To mitigate this issue, you should establish continuous monitoring workflows and set up alerts for regulatory shifts. Pair them with human reviews to enable quick adaptation of systems and policies.
2. False positives, negatives, and alert fatigue
From a security perspective, AI tools may occasionally struggle to see the context in flag events, which leads to them triggering false positives, negatives, or even hallucinations—events where the AI fabricates or generates inaccurate responses.
While the issues may be rare, consistently high volumes of false alarms increase the cognitive load on your security teams.

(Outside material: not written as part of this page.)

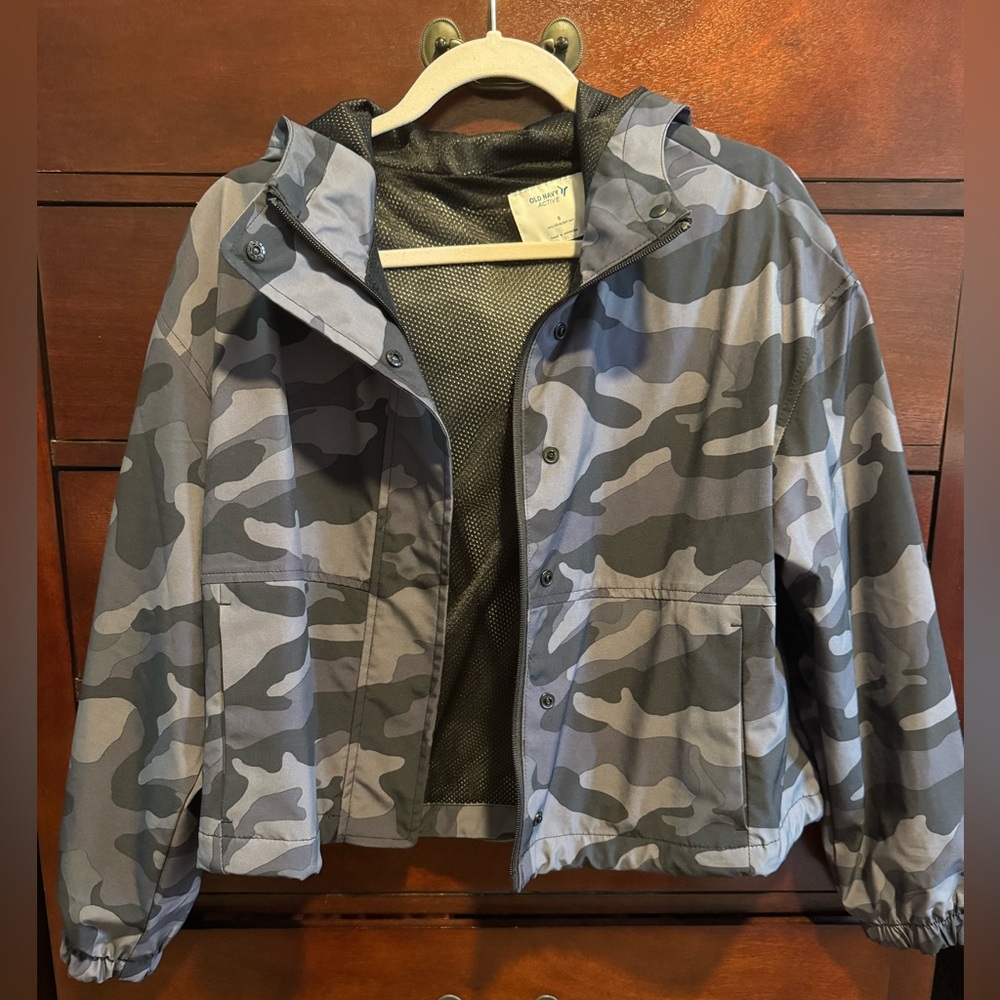 Old Navy Active Camo Jacket – Size S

If not addressed, alert fatigue can have significant impacts on your security, such as:
- Delayed response to breaches: Repeated false alarms create a “cry wolf” scenario, making it challenging to detect legitimate threats and delaying response and remediation
- Increased compliance and liability risks: Unacknowledged or misclassified alerts can result in missed compliance requirements, possibly leading to violation penalties
- Accelerated model drift: False positives and negatives can reinforce the wrong behavior in models that learn from outcomes, quickly degrading the AI performance
You can reduce false alarms and alert fatigue proactively by testing them and fine-tuning their contextual filtering to better align with your organization’s risk profile.
3. Data bias
The effectiveness of your AI systems depends on the quality and reliability of the data you use to train or configure them. Biased or low-quality training data can skew outputs, causing blind spots in threat detection.
To make your AI systems effective, test them across multiple scenarios and adjust them accordingly. However, while this approach can help you establish broad coverage for the most common threats, robust protections require simulating real-world conditions, which is extremely challenging.
Another challenge is that threats towards AI keep evolving, so you must constantly update your testing environment. One practical approach for resources-trapped teams is automated scenario generation—you provide your AI system with role knowledge and context, then simulate different scenarios to evaluate its performance.
4. Algorithm complexity
AI systems are complex and their interpretation or decision-making processes are not always transparent to users—or even developers. This lack of visibility into how outputs are generated can make AI function as a “black box.” — the inner workings of AI models that depend on multiple parameters can also remain largely hidden.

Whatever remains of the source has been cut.